# Diabetic coma



## UBC03 (Nov 18, 2015)

@ebnash hit my with the biggest freakin Apple I've ever seen.....

This is gonna be sooooo good.. hope I get a piece ..lol

Thanks bro..can't wait to get that thing down my neck..









Sent from my SM-G925V using Tapatalk


----------



## JohnBrody15 (Mar 20, 2016)

I read the thread title and got worried, I thought I was gonna hear some bad news.....


Although I suppose that's entirely still possible....for godsakes be careful with that thing!!


----------



## huffer33 (Jun 13, 2017)

Holy shit, if Newton had seen that apple fall he would have gotten physics all wrong.


----------



## Rondo (Sep 9, 2015)

JohnBrody15 said:


> I read the thread title and got worried, I thought I was gonna hear some bad news.....

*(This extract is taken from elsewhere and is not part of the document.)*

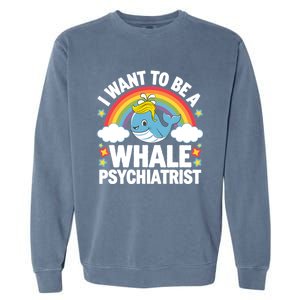 I Want To Be A Whale Psychiatrist Funny Political 2024 Garment-Dyed Sweatshirt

I figured he raided his grandkids Halloween stash, again.
Last year he decided he didn't like milk duds and had fun tossing them off his 60' scaffolding while yelling,"Eat this you damn hippies."


----------



## Piper (Nov 30, 2008)

Don't forget to hold onto anything that gets stuck in the shell. You can give it back to the dentist to re-implant.


----------



## Hickorynut (Jun 26, 2017)

man...that is hard "core"........


----------



## LeatherNeck (Feb 8, 2017)

After seeing that thing, I'm realizing that the Georga National Fair has not tapt into its full potential. 
Stick that sucker in a gallon jug of DW from @Ranger0282 and in a couple of weeks you'll have something that'll knock your socks off! Lol


----------



## ebnash (Mar 5, 2017)

Glad to see it made it there in one piece.

Whats even more amazing is the thickness of the layer of caramel hidden in that thing. Hopefully we see a cross section pic...


----------



## UBC03 (Nov 18, 2015)

Damn









Sent from my SM-G925V using Tapatalk


----------



## LeatherNeck (Feb 8, 2017)

More caramel than apple! Lol. Definitely not ment to be eaten in one sitting.


----------



## Matt_21 (May 15, 2014)

Challenge? lol


----------



## bpegler (Mar 30, 2006)

A dentist’s dream...

That looks incredible!


----------